Crimes against humanity

  • -The accused pursued a policy of persecution, repression and extermination of enemies of the Nazi government. The Nazis threw people into prison without a trial, subjected them to persecution, humiliation, enslavement, torture, and killed them.

On October 18, 1945, the indictment was submitted to the International Military Tribunal and a month before the start of the trial, it was handed to each of the accused in German. On November 25, 1945, after reading the indictment, Robert Ley committed suicide, and Gustav Krupp was declared terminally ill by the medical commission, and the case against him was dismissed before the trial.

The rest of the accused were put on trial.

Court

In accordance with the London Agreement, the International Military Tribunal was formed on an equal basis from representatives of four countries. The representative of Great Britain, Lord J. Lawrence, was appointed Chief Justice. From other countries, the members of the tribunal approved:

  • - from the USSR: Deputy Chairman of the Supreme Court of the Soviet Union, Major General of Justice I. T. Nikitchenko.
  • -from the USA: former Attorney General of the country F. Biddle.
  • -from France: Professor of Criminal Law A. Donnedier de Vabre.

Each of the 4 countries sent its main prosecutors, their deputies and assistants to the trial:

  • - from the USSR: Prosecutor General of the Ukrainian SSR R. A. Rudenko.
  • -from the United States: Federal Supreme Court Justice Robert Jackson.
  • -from UK: Hartley Shawcross
  • -from France: François de Menthon, who was absent during the first days of the process, and was replaced by Charles Dubost, and then Champentier de Ribe was appointed instead of de Menthon.

The process lasted ten months in Nuremberg. A total of 216 court hearings were held. Each side presented evidence of crimes committed Nazi criminals.

Due to the unprecedented gravity of the crimes committed by the defendants, doubts arose whether to observe democratic norms of justice in relation to them. For example, representatives of the prosecution from England and the United States proposed not to give the defendants last word. However, the French and Soviet sides insisted on the opposite.

The process was tense, not only because of the unusual nature of the tribunal itself and the charges brought against the defendants.

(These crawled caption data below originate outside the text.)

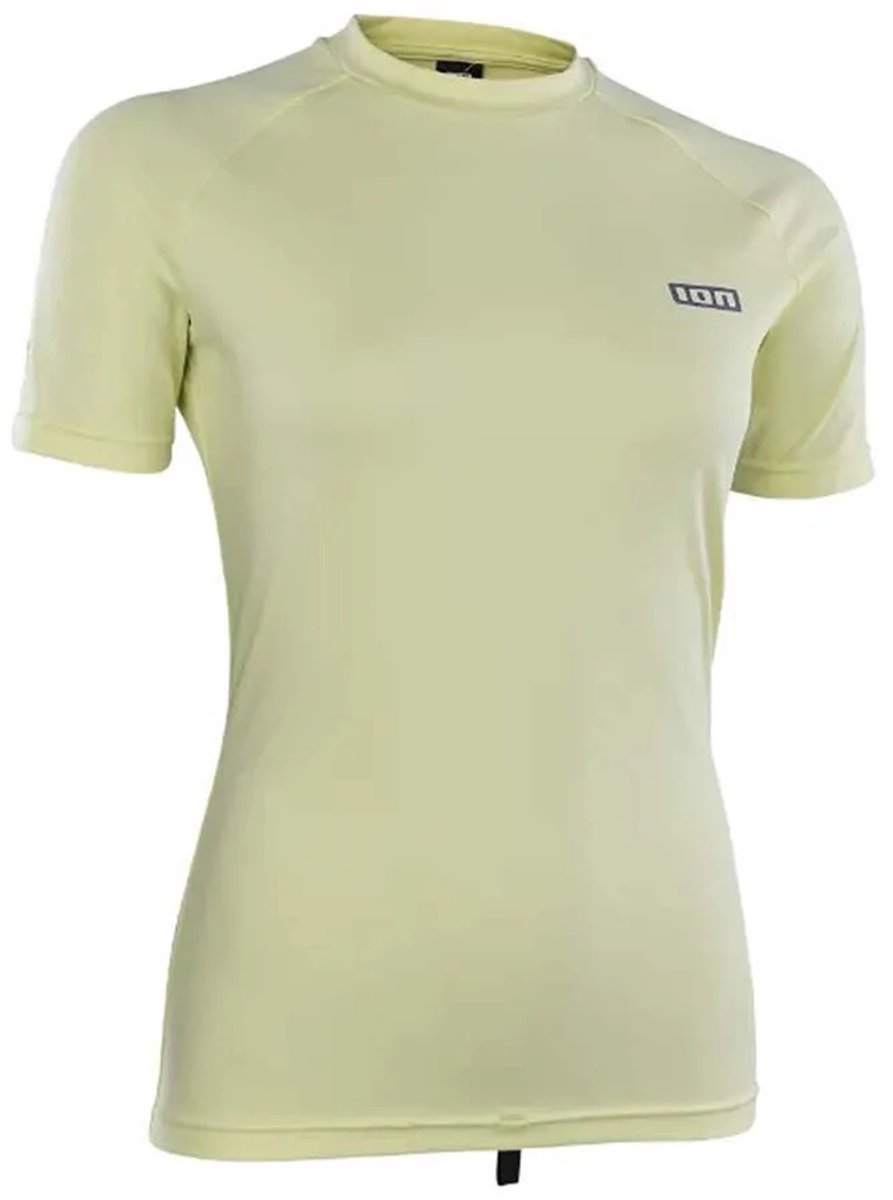 Ion Dames Dames Rashguard Vrouw Geel
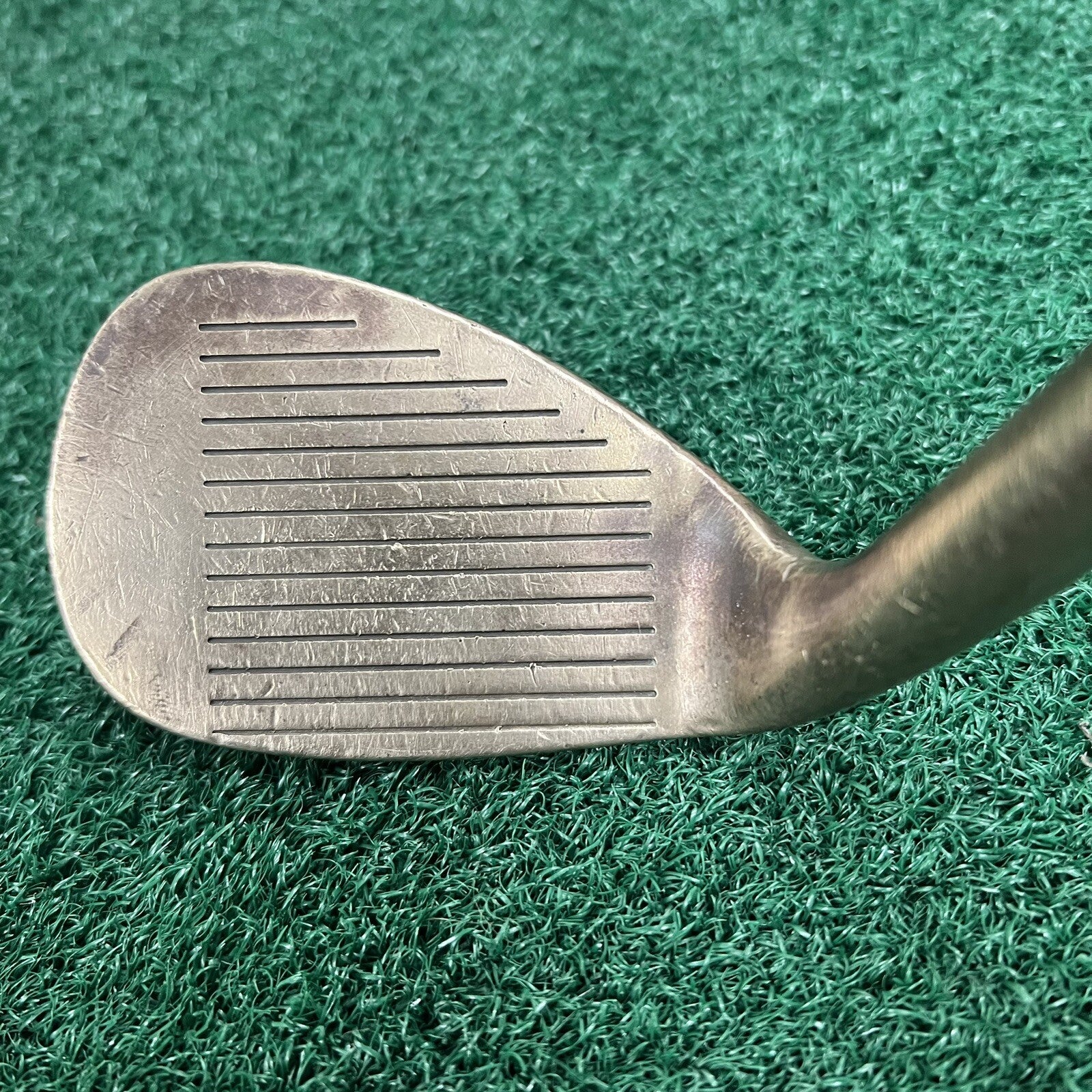 MacGregor Jack Nicklaus Manganese Bronze M5 Sand Wedge 35.5" Steel Shaft
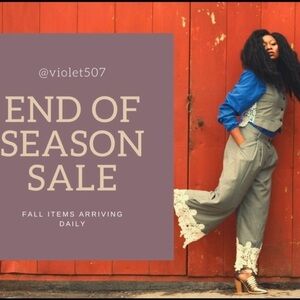 Shop @Violet507 Sale!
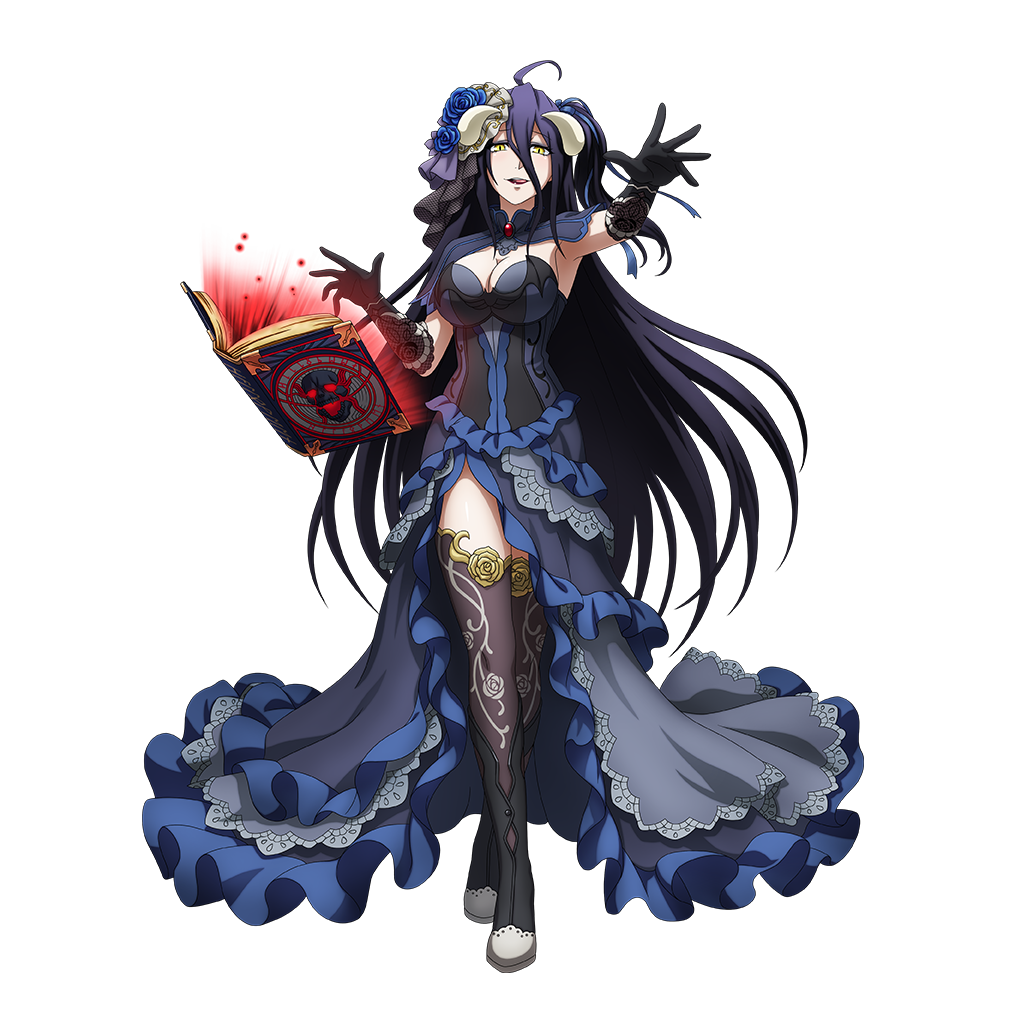 アルベド - 艶色魔女 | MFTD Database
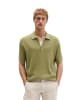 Marc O'Polo Strick-Poloshirt regular in Vibrant Fern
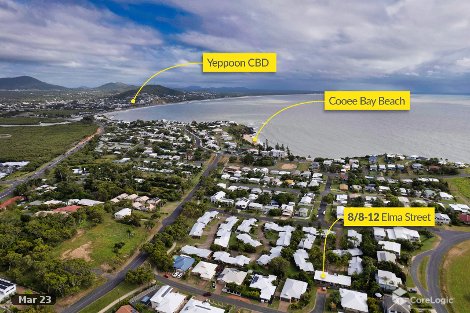 8/8-12 Elma St, Cooee Bay, QLD 4703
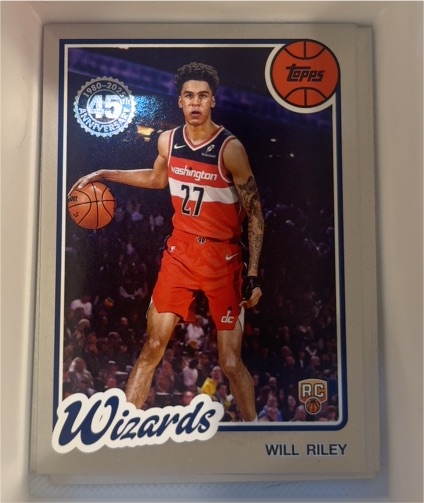 2025-26 Topps #80BK-67 Will Riley — front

The post-war aggravation of relations between the USSR and the West after Churchill's famous Fulton speech also had an effect, and the defendants, feeling the current political situation, skillfully played for time and expected to escape the deserved punishment. In such a difficult situation, the tough and professional actions of the Soviet prosecution played a key role. The film about concentration camps, filmed by front-line cameramen, finally turned the course of the process. The terrible pictures of Majdanek, Sachsenhausen, Auschwitz completely removed the doubts of the tribunal.

Court verdict

The International Military Tribunal sentenced:

  • -To the death penalty by hanging: Goering, Ribbentrop, Keitel, Kaltenbrunner, Rosenberg, Frank, Frick, Streicher, Sauckel, Seyss-Inquart, Bormann (in absentia), Jodl (was posthumously acquitted during the retrial by the Munich court in 1953).
  • -To life imprisonment: Hess, Funk, Raeder.
  • -To 20 years in prison: Schirach, Speer.
  • -To 15 years in prison: Neurata.
  • -To 10 years in prison: Doenica.
  • - Justified: Fritsche, Papen, Shakht.

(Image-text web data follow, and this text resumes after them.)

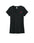 MRFC - Black Women's Concert Tee V-Neck (Red Logo) - DT5002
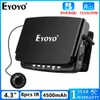 Fish Finder Eyoyo EF43A onderwatervinder met DVR -functie 4.3 "Kleurweergave HD 1000TVL Achtergrondverlichting Regelbare IR -camera Ice Fishing HKD230703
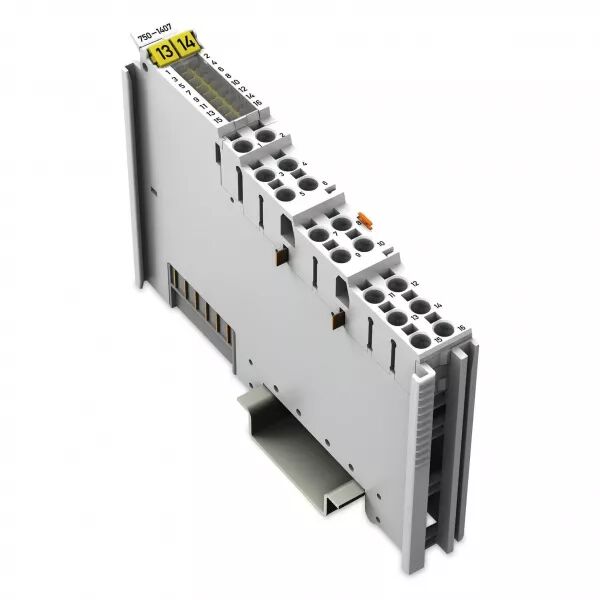 Borne 16 entr�es TOR 24 V DC - 3.0 ms - 1 fil - Type N750-1407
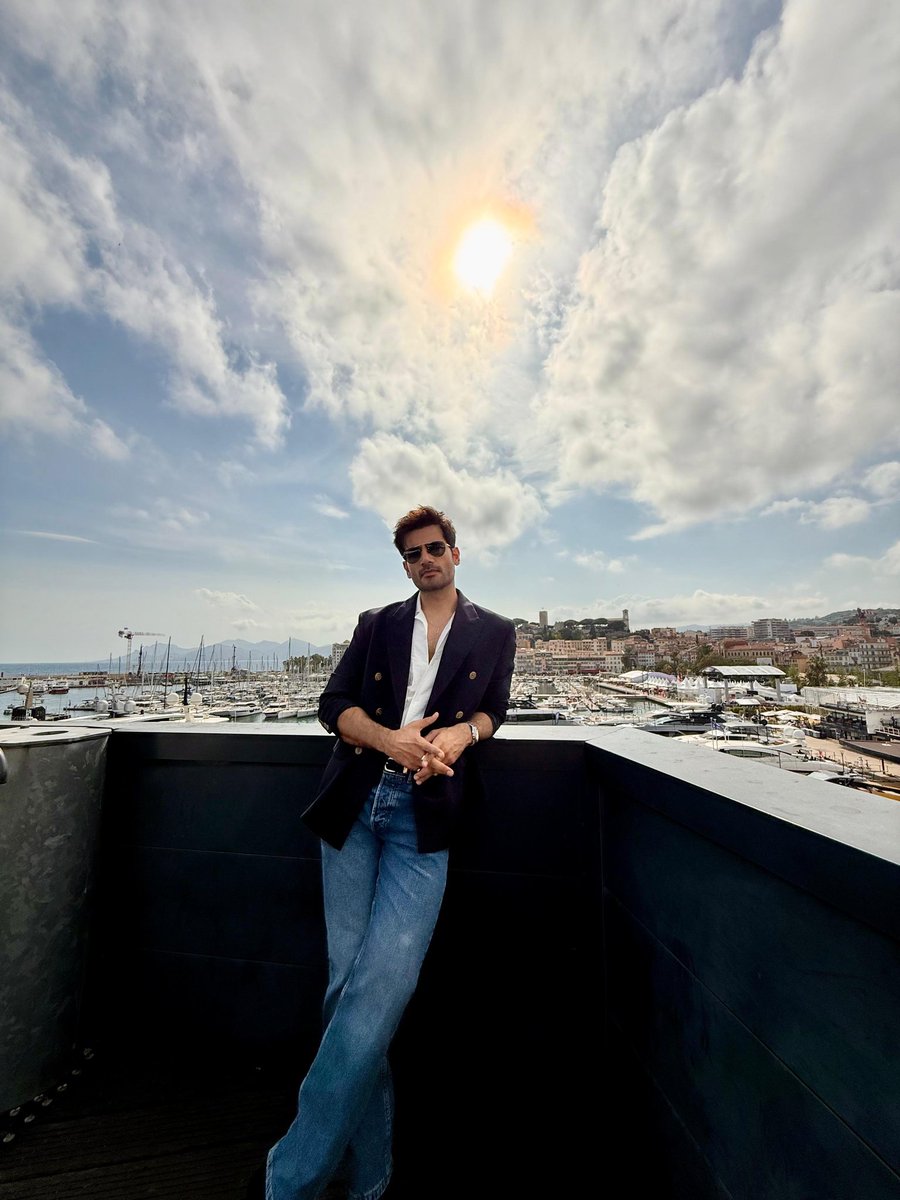 filmfare's tweet image. #FilmfareExclusive: Actor #KaranTacker made his Cannes debut this year. 

Talking about the same, he shared, "It’s an extremely prestigious feeling to come to a festival like CANNES with a film that is so special, it’s been such an overwhelming experience coming here for the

The Soviet side protested in connection with the acquittal of Papen, Fritsche, Schacht and the non-application of the death penalty to Hess.
The Tribunal recognized as criminal the organizations of the SS, SD, SA, Gestapo and the leadership of the Nazi Party. The decision to recognize the Supreme Command and the General Staff as criminal was not made, which caused the disagreement of the member of the tribunal from the USSR.

Most of the convicts filed petitions for clemency; Raeder - on the replacement of life imprisonment with the death penalty; Goering, Jodl and Keitel - about replacing hanging with execution if the request for pardon is not satisfied. All of these applications were denied.
The death penalty was carried out on the night of October 16, 1946 in the building of the Nuremberg prison. Göring poisoned himself in prison shortly before his execution.

The sentence was carried out "by own will US Sergeant John Wood.

Funk and Raeder, sentenced to life imprisonment, were pardoned in 1957. After Speer and Schirach were released in 1966, only Hess remained in prison. The right-wing forces of Germany repeatedly demanded that he be pardoned, but the victorious powers refused to commute the sentence. On August 17, 1987, Hess was found hanged in his cell.

Results and conclusions

The Nuremberg Tribunal, having created a precedent for the jurisdiction of senior government officials to an international court, refuted the medieval principle "Kings are under the jurisdiction of God alone." It was with the Nuremberg trials that the history of international criminal law began. The principles enshrined in the Charter of the Tribunal were soon confirmed by the decisions of the UN General Assembly as universally recognized principles of international law. Having passed a guilty verdict on the main Nazi criminals, the International Military Tribunal recognized aggression as the gravest crime of an international character.

Not all who appeared before the tribunal received the same term. Of the 24 people, six were found guilty on all four counts. For example, Franz Papen, ambassador to Austria and then to Turkey, was released in the courtroom, although the Soviet side insisted that he was guilty. In 1947, he received a term, which was then softened. The Nazi criminal ended his years ... in a castle, but far from a prison. And he continued to bend the line of his party, releasing "Memoirs politician Hitler's Germany. 1933–1947”, where he spoke about the correctness and logic of German policy in the 1930s: “I made many mistakes in my life and more than once came to false conclusions. However, for the sake of my own family, I am obliged to correct at least some of the distortions of reality that are most offensive to me. The facts, when viewed impartially, paint a completely different picture. However, this is not my main task. At the end of a life spanning three generations, my greatest concern is to contribute to a greater understanding of Germany's role in the events of this period."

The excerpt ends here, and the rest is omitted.